TL;DR
- In html use relative paths starting with
assets/...
. In component based CSS use relative paths going one level up: ../assets/...
- Never, and I mean never use asset paths starting with a slash like
/assets
this will break your code in some cases
- Follow the advice below for configuring
karma.conf.js
because karma does not serve assets and currently karma 5.1.1 with webpack 4.44.2 or some plugin of it crashes with OPs error above
Post Mortem (3)
I deleted my first post mortem twice now, because it was broken and lead me to a post mortem (3) :D
Two things are important: You need to tweak the karma.conf.js
as explained in the this SO thread.
Add
proxies: {
'/assets/': '/base/src/assets/'
'/Every-single-image-from-css.png': '/base/src/assets/what-ever-the-path-is/Every-single-image-from-css.png'
},
files: [
{ pattern: './src/assets/**', watched: false, included: false, nocache: false, served: true }
],
in the config.set({
part, and yes, keep /base/src/assets
even if base
is nowhere to be found.
The second part is the file pattern you need to currently make things work with relative paths.
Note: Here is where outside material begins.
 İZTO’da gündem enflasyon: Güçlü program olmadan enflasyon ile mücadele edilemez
The third part is actually the second entry in the proxies
array: List every single resource accessed from css individually :/
Important
ng
preprocesses paths somehow strange, the code above will result in your assets referenced from CSS will be duplicated and lying around in root once ng build
completes. Very ugly but I don't know a solution to this except using images only from html, which gets processed correctly.
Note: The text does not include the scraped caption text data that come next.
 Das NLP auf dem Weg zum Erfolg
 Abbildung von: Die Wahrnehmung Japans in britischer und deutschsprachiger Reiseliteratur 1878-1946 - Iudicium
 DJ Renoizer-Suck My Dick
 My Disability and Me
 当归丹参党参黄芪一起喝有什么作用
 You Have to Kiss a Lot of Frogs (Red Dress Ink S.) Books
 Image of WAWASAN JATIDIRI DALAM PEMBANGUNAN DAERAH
The thing I noticed ng serve
flattens all urls. So even a css file looking like this
.my-img{
background: url('../assets/deeply/nested/logo.png');
}
will be served as /logo.png
from the built-in webserver. I checked this while looking at the website produced by ng serve
and inspecting network calls.
What ever this behaviour is, ng test
will die because of this unless you do specify every single image in the proxies part.
Using the first proxies entry, e.g. /assets/
is fun but works only when you would use absolute paths from assets, which you should not but is also used, when you reference images from within html, so keep it!
As the ng compilation flattens the urls, this proxy wont work for css references since even in ng test
the images from css will be requested from root as /logo.png
(stripped of their path). Unfortunately proxies
does not support wildcards, otherwise one could write things like /*.png` to something. But currently listing all entries separately seems to be the solution.
Why using absolute paths in assets is a stupid idea
My first result was to actually recommend to use path like
/assets/foo.png
. Doing this, only the mentioned proxies
entry is necessary (but it had to look a bit different).
Now I thought i was ok, because ng serve
worked, ng test
worked and even ng build
worked.
But things went south when I wanted to deploy my angular app into a subdirectory. If you do this, I was unable to find any way, meddling around with ng build --base-href '..'
and mixing also some --deploy-url
into it to make things work.
When you use absolute paths to your assets, never expect to make things work in a subdirectory.
So you might be lucky using my "broken" approach in some instances but I kid you not, you are very likely to save some time following the excellent advise from @programmerinprogress which I repeated above.